Die beiden größten stalinistischen Parteien Indiens – die Kommunistische Partei Indiens (Marxisten) oder KPM und die Kommunistische Partei Indiens (KPI) – spielen bei der Isolierung des Streiks in Tamil Nadu eine Schlüsselrolle. Die Gewerkschaftsverbände der KPM bzw. der KPI, das Center of Indian Trade Unions und der All India Trade Union Congress, sind Partner der JACTTO-GEO.

Diese Organisationen haben Millionen eingeschriebene Mitglieder, sich aber nur mit oberflächlicher Kritik an der AIADMK-Regierung, den Verhaftungen und der Entlassung von streikenden Lehrern begnügt.

Am Dienstag riefen die sogenannte „Linke Front“ und fünf mit ihr verbündete Gewerkschaften, darunter die Tamil Nadu Secretariat Officers’ Association für Mittwoch zu einem symbolischen eintägigen Unterstützungsstreik für die Lehrer auf. Sie stellten ähnliche Forderungen, darunter ebenfalls die Abschaffung des CPS-Systems. Dieser Streik hat jedoch nur einen Sinn: Die Teilnehmer sollen Dampf ablassen und von den wachsenden Forderungen der Arbeiterklasse nach einem echten Kampf gegen die Angriffe der Regierung ablenken.

Die Streiks der Lehrer und Beschäftigten in Tamil Nadu sind Teil eines wachsenden Auflebens des internationalen Klassenkampfs in Nordamerika, Mexiko, Europa, Sri Lanka, Bangladesch und vielen anderen Staaten. Die Streikenden müssen mit den Gewerkschaften brechen und sich mit Arbeitern in ganz Indien, Südasien und der Welt verbünden. Sie müssen auf die Lehrer in den USA und überall auf der Welt zugehen, die ebenfalls für bessere Löhne, Arbeitsbedingungen und Grundrechte kämpfen.

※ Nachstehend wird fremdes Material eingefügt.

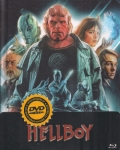 Hellboy 1 (Blu-ray) - CZ Dabing 5.1 - limitovaná edice Digibook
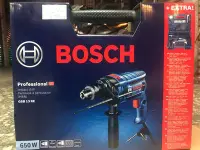 在飛比找Yahoo!奇摩拍賣優惠-胖達人五金 附工具組大全套 德國 BOSCH GSB 13R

Um ihre Kämpfe fortzuführen, sollten die Lehrer und Staatsbeschäftigten von Tamil Nadu dem Beispiel der mexikanischen Autoarbeiter und der sri lankischen Plantagenarbeiter folgen und ihre eigenen, von den Gewerkschaften unabhängigen Aktionskomitees aufbauen. In diesen Komitees können die Arbeiter demokratisch diskutieren und ihre eigenen Forderungen und Arbeitskämpfe beschließen und das antikapitalistische und internationale politische Programm annehmen, auf dem ihr Kampf basieren muss.

Dabei ist es entscheidend, die nationalistische Politik der KPM und der KPI zurückzuweisen. Diese stalinistischen Organisationen haben keine grundlegenden Differenzen mit der Hindu-kommunalistischen BJP und der AIADMK. Deren Ziel ist es, diese Parteien durch „alternative“ kapitalistische Regierungen entweder mit der Kongresspartei oder durch Bündnisse aus diversen rechten regionalen Parteien abzulösen, um Indien durch verschärfte soziale Angriffe auf die Arbeiterklasse attraktiver für das Großkapital zu machen.